Task objective »
Give back exactly the lines that start at the one containing "Saveiro Extreme 1.6 Flex 16V CD" and run to the end of the material below, both ends included.

Provided entries »
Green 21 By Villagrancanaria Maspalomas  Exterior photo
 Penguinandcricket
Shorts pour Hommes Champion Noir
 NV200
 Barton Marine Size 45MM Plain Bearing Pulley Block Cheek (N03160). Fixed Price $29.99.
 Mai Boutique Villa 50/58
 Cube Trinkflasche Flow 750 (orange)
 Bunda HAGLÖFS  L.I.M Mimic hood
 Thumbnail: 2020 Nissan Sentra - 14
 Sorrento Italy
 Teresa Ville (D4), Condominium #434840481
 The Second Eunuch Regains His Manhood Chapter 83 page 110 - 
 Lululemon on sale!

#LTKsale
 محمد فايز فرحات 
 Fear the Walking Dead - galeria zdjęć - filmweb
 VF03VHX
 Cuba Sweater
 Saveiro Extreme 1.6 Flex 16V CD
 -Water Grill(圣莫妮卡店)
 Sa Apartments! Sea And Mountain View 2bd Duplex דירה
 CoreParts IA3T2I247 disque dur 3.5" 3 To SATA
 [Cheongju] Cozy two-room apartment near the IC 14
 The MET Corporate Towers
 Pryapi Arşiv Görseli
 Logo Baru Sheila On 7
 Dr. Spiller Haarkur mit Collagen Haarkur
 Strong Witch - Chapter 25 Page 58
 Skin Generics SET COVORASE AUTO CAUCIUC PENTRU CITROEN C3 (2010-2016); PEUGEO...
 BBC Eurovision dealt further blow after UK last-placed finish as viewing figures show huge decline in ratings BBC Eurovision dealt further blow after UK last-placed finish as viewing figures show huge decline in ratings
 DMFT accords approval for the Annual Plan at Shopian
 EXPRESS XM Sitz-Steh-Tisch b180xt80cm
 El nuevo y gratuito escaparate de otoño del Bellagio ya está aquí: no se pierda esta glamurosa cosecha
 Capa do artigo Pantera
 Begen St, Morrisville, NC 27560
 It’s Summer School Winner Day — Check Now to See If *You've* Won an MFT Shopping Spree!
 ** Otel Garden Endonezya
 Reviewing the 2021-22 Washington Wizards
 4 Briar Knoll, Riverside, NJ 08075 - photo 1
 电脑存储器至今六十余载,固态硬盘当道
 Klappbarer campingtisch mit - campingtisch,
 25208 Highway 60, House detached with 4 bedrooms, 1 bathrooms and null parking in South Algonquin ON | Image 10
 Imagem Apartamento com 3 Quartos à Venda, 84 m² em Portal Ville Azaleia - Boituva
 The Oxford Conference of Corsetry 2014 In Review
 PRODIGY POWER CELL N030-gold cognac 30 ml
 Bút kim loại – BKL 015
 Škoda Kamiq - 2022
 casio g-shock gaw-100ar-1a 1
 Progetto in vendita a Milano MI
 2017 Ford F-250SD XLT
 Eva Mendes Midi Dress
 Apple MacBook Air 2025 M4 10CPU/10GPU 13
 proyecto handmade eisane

Result below »
 Saveiro Extreme 1.6 Flex 16V CD
 -Water Grill(圣莫妮卡店)
 Sa Apartments! Sea And Mountain View 2bd Duplex דירה
 CoreParts IA3T2I247 disque dur 3.5" 3 To SATA
 [Cheongju] Cozy two-room apartment near the IC 14
 The MET Corporate Towers
 Pryapi Arşiv Görseli
 Logo Baru Sheila On 7
 Dr. Spiller Haarkur mit Collagen Haarkur
 Strong Witch - Chapter 25 Page 58
 Skin Generics SET COVORASE AUTO CAUCIUC PENTRU CITROEN C3 (2010-2016); PEUGEO...
 BBC Eurovision dealt further blow after UK last-placed finish as viewing figures show huge decline in ratings BBC Eurovision dealt further blow after UK last-placed finish as viewing figures show huge decline in ratings
 DMFT accords approval for the Annual Plan at Shopian
 EXPRESS XM Sitz-Steh-Tisch b180xt80cm
 El nuevo y gratuito escaparate de otoño del Bellagio ya está aquí: no se pierda esta glamurosa cosecha
 Capa do artigo Pantera
 Begen St, Morrisville, NC 27560
 It’s Summer School Winner Day — Check Now to See If *You've* Won an MFT Shopping Spree!
 ** Otel Garden Endonezya
 Reviewing the 2021-22 Washington Wizards
 4 Briar Knoll, Riverside, NJ 08075 - photo 1
 电脑存储器至今六十余载,固态硬盘当道
 Klappbarer campingtisch mit - campingtisch,
 25208 Highway 60, House detached with 4 bedrooms, 1 bathrooms and null parking in South Algonquin ON | Image 10
 Imagem Apartamento com 3 Quartos à Venda, 84 m² em Portal Ville Azaleia - Boituva
 The Oxford Conference of Corsetry 2014 In Review
 PRODIGY POWER CELL N030-gold cognac 30 ml
 Bút kim loại – BKL 015
 Škoda Kamiq - 2022
 casio g-shock gaw-100ar-1a 1
 Progetto in vendita a Milano MI
 2017 Ford F-250SD XLT
 Eva Mendes Midi Dress
 Apple MacBook Air 2025 M4 10CPU/10GPU 13
 proyecto handmade eisane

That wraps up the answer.